Interestingly, BCTLA combined Connect and Wonder in their model, which is called Points of Inquiry (see Figure 1 below). Given the time and thought that went into the development of Points of Inquiry, I would be very interested to know more about why they decided to do this, because Connect and Wonder are still clearly distinct. It might be as simple as Points of Inquiry being a clever idea/ name that did not work well graphically with a 6-pointed star. I will see if I can find out more.
The BCTLA K-12 Information Literacy Task Force moved, over a period of more than three years, to deeper understanding of the importance of learners being able to think critically about information, about sources of information, and about constructing and answering their own questions. The goal posts had shifted well beyond the search for a right model for research for the BC curriculum to the capacity for drawing new knowledge from an inquiry-based approach to information, reading, and 21st Century learning.

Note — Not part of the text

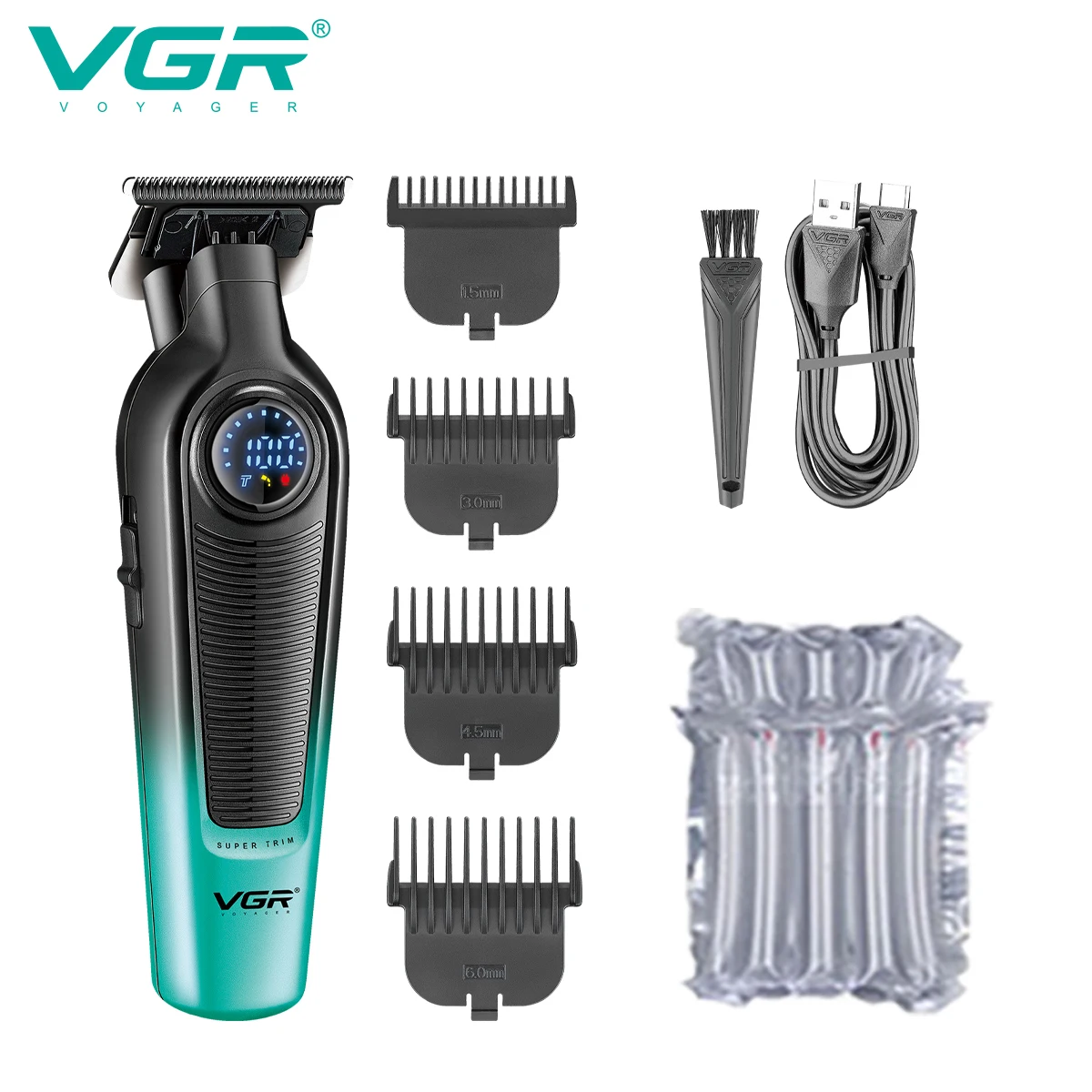 Nueva cortadora de pelo corporal de Metal degradado VGR 996, cortadora de pelo eléctrica para hombres, pantalla Digital inteligente LED, empujador de tallado en casa: Negro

The model no longer puts a focus on information literacy skills. Rather it embeds these skills under broader inquiry-based cognitive abilities and within curriculum to empower and position young British Columbians to become strategic and independent lifelong learners.
There are resources for Elementary School, Middle/Junior School and Secondary School, which, like FOSIL and the ESIFC, are free to download.
Figure 2: Rhode Island School Library Curriculum Guide | About This Project (SLRI, 2019)
Figure 3: Rhode Island School Library Curriculum Guide | Introduction (SLRI, 2019)
I have been in touch with Mary-Rose about her Primary FOSIL Display, to which she replied, “Funnily enough, I have been thinking about this a lot this week. We have got this far (see Figure 4 below), and it’s now ready for the dual coding/explanation.” We shall look forward to hearing more.
Figure 4: Primary FOSIL Display (Hartland International School Libraries)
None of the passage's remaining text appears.